As reported in previous studies, the abundance of MPs in water samples is lower than that of sediment samples (Ta and Babel 2020b). Thus, a large quantity of water is usually collected to acquire a representative sample. Volume reduced samples were commonly applied for the sampling of surface water. Until now, most studies used manta trawls or plankton nets to collect water samples. Different mesh sizes of these nets are used, ranging from 50 to 3000 μm (Tan et al. 2019; Zhang et al. 2015), while 333 μm is the most commonly used in all studies (Anderson et al. 2017; Free et al. 2014; Su et al. 2016; Ta and Babel 2020b; Wong et al. 2020). Flow meters are attached to plankton nets or manta trawls to determine the filtered water volume. This helps to normalize the number of MPs to the volume of filtered water. Another technique is the measurement of the sampling area by the Global Positioning System (GPS). Thus, results are presented as the number of MPs per surface area. Trawling speed depends on the water velocity or wave action, but usually ranges from one to five knots (Ta and Babel 2020a; Tan et al. 2019; Wong et al. 2020). Another sampling method is direct filtration of water through sieves or by the collection of batch samples (Crew et al. 2020; Yan et al. 2019). In this method, a smaller water volume can be collected, thus the sample representability is reduced (Wang et al. 2017).

Figure 1.5 Techniques reported in the literature for identifying MPs in sediment and water samples.

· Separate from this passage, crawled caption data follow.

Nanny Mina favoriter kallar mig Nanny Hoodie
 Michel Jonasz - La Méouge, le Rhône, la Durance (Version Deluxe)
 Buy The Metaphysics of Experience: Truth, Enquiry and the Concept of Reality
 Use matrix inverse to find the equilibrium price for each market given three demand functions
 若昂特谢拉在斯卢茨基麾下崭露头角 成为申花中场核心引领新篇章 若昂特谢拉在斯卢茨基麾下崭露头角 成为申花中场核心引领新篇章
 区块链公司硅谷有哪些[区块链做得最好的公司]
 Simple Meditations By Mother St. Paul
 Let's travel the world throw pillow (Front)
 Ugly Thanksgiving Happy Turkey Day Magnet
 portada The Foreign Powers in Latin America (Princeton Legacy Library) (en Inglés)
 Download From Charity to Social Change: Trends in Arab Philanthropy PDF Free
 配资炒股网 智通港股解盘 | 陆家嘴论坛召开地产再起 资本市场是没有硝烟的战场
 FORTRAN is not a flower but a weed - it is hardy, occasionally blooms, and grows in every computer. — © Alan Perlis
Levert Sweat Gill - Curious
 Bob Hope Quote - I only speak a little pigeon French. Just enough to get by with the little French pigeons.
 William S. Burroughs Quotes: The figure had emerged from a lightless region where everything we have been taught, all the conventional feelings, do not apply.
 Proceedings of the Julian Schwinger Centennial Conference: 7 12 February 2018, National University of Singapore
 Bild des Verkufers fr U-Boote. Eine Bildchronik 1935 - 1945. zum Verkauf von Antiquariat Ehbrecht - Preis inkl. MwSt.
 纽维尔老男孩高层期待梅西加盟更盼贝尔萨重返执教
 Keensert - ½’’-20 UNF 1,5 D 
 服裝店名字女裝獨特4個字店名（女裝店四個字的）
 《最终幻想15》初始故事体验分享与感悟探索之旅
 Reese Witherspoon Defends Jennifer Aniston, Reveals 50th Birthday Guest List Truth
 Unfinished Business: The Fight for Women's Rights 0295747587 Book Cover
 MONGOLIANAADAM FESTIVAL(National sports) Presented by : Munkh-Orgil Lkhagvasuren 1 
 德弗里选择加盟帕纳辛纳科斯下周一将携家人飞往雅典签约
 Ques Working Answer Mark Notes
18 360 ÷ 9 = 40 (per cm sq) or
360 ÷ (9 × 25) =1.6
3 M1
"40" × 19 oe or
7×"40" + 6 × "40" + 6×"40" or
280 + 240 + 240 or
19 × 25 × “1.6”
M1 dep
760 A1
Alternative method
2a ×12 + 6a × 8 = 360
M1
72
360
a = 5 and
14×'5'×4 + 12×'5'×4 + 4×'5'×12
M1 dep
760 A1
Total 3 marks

The sampling of sediment samples can be separated into the collection from the shoreline and bottom of the river or lake. For shore sediments, sampling strategies are transected sampling perpendicular, random sampling, and sampling in single squares or parallel to the water. Most studies applied the grid sampling method with depths of 2–5 cm on the surface layer (Jiang et al. 2019; Klein et al. 2018). Frame and corers are usually used to determine the sampling area. Non‐plastic tools such as scoop, trowels, or shovels, and non‐plastic sampling vessels are required (Alam et al. 2019; Jiang et al. 2019; Peng et al. 2018). Bottom sediment from the riverbed or lakebed can be carried out with grab samplers such as Ekman or Van Veen grabs or corers (Alam et al. 2019; Fan et al. 2019; Ta et al. 2020c; Wang et al. 2017). The sediment samples collected by grab methods are usually disturbed, therefore this is suitable for surface layer (top 5 cm) or bulk sampling. Conversely, sampling by cores allows determining MP depth profiles and undisturbed surface and depth layers. Nevertheless, the number of samples that can be collected is limited. According to Dris et al. (2018), river bottom sediments are mostly collected by grabs, while corers or grabs are used for lake bottom sediments. The number of MPs is usually normalized to the sediment volume or weight, and sampling area.